In late 1979, an interview with Prince appeared in the African American teen magazine Right On! The interviewer, Cynthia Horner, was one of the up-and-coming artist’s earliest champions in the media, yet even she was not spared the usual quirks of his interactions with the press; to her growing exasperation, Prince spent most of the article deflecting her questions with flirtatious evasions. But then, just as Horner seemed about to give up and asked him the hoariest teen-mag question in the book–does he have a girlfriend?–Prince gave a response that feels disarmingly real: “I had one but she left me. I wrote some songs about it on the album.” At her expression of disbelief–“Do you know how many young ladies would love to fill her shoes?”–he replied,  “That’s why she left me” (Horner 1979).
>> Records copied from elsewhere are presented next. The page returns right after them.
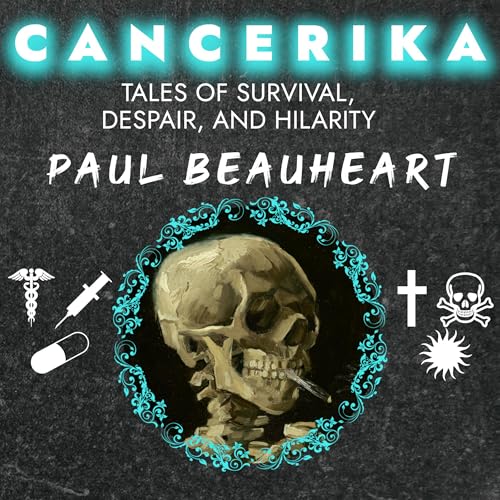 Cover of Cancerika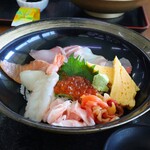 漁師料理 かなや - 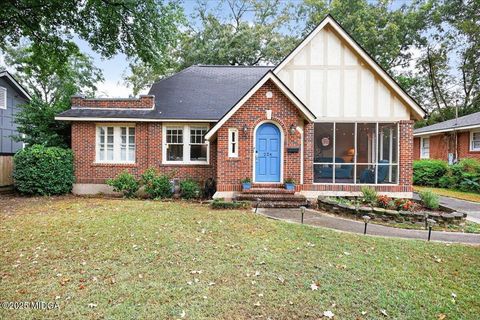 224 Roycrest Drive Macon GA 31204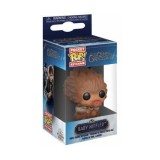 Funko Pop Keychain Fantastic Beasts 2 - Baby Niffler Tan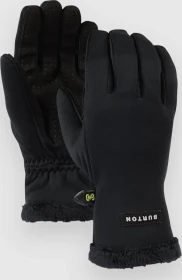 Burton Sapphire Snowboardhandschuhe true black (Damen)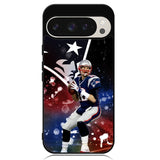 Tom Brady Google Pixel 9 Pro XL Case OV0971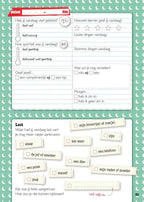 Slaapklets deel 2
It’s perhaps a tribute to Prince’s growing facility as a pop songwriter that I never suspected the songs of love and heartbreak on his second album were inspired by real women; they feel much too universal in their vagueness, like the dozens of songs for imaginary girls by Lennon and McCartney. Yet, Prince suggested to Horner–and the various biographies agree–that several of his songs from around this period were inspired by his early girlfriend, Kim Upsher. Upsher, you might recall, was probably Prince’s first “serious” relationship; when he moved into his house on France Avenue, she was the one who helped decorate and made it feel like a home, rather than a glorified studio space. Due to the deliberate fudging of Prince’s age around this time, she’s often assumed to have been his high-school sweetheart; biographers Alex Hahn and Laura Tiebert, however, have clarified that they didn’t begin dating until around the time he signed to Warner Bros.–though he did apparently nurse an intense crush for her in high school, while she was seeing his close friend Paul Mitchell (Hahn 2017).